1.Where babies come from
Arguably no parent is ever ready, nor indeed understands when the time is right to have a chat about the birds and the bees. Truth is, you may not be the first person to have the chat with them, so the earlier the better. That way, you can be in control of the messages that they receive about sex and relationships, not their mate on the bus, or an article they have googled, or even cousin Jane when she last paid a visit. Don't be afraid that you will be in some way promoting sexual promiscuity or planting something in their heads that they choose to experiment with; the evidence does not bear this out. Children who have open conversations with their parents about sex throughout their teen years are far less likely to engage in risky behaviour later on.

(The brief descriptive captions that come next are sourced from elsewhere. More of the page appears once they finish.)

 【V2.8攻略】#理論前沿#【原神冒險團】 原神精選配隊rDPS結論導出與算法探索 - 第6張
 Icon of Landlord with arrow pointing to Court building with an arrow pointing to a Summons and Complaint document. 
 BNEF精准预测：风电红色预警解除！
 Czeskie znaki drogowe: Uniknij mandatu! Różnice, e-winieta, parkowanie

2.How to navigate the internet
Think of it this way. The internet is like a very large dustbin and if you allow your children to simply hunt around it, without proper equipment, guidance or controls, you are asking for trouble. The internet is not just available on the home computer where you can peek over their shoulder; it is on their friends' computers and handheld devices too. You have one weapon at your disposal: open and transparent conversations about what lies beneath. After you have done this, and they know you are their first port of call should anything scary pop up, you can focus on the joys of surfing the web! Once children understand digital hygiene and how online activity will leave a digital tattoo, they can learn to embrace the benefits of the Web, its learning potential and maximise on the opportunities it offers. A useful analogy might be: now they have washed their hands, they can start cooking! To have any hope of reaching their potential, our children need to become digital natives.
3.How we experience Loss
It always surprises me how few parents talk to their children about loss, grief or sadness and importantly, how we recover from emotionally upsetting experiences. We can't expect our children to learn 'on the job' as it were. We need to talk about what it feels like to lose someone dear to our hearts, precisely so we can model our resilience. Pets and people die, a normal reaction is to feel sad and perhaps shed tears, but over time we will adapt and learn to live again. That is the message our children need to hear. Sheltering them from the vocabulary of grief is unhelpful. As their parents, we need to explain that life is full of troughs and peaks (hopefully more of the latter), but that this is part of being human. I believe that children inherit fear and we give them a great gift by telling them that challenging things will happen, but that there is life beyond these experiences.
4.Why learning matters
Children are natural learners. They need no persuasion to start playing, finding adventure or dreaming and imagining new worlds. Sustaining this curiosity for learning is critical to academic success and well-being. By loving learning, by being a family committed to life-long learning, we model an approach to life that is appreciative and open to challenges and opportunities. If you only do three things: model this approach, teach them to question everything and encourage a sense of adventure within family life.
5.How a democracy works
We live in a troubled world. Amid the chaos, disorder and fragmentation, teach your child the values that you believe in, and explain why you hold them. Teach them to value living in a society where people are free to express their views, to have respect for the Law and help them understand the consequences for those who break it. Help them to weigh up and think about contemporary social issues and politics. Don't expect or hope that they will agree with you about everything. The key point is to encourage them to think critically about what they see and read around them, so that one day, they might hold views born from their own intuition, experience and thought-processes. In short, teach them to care about the society around them, and the importance of trusting one's judgment.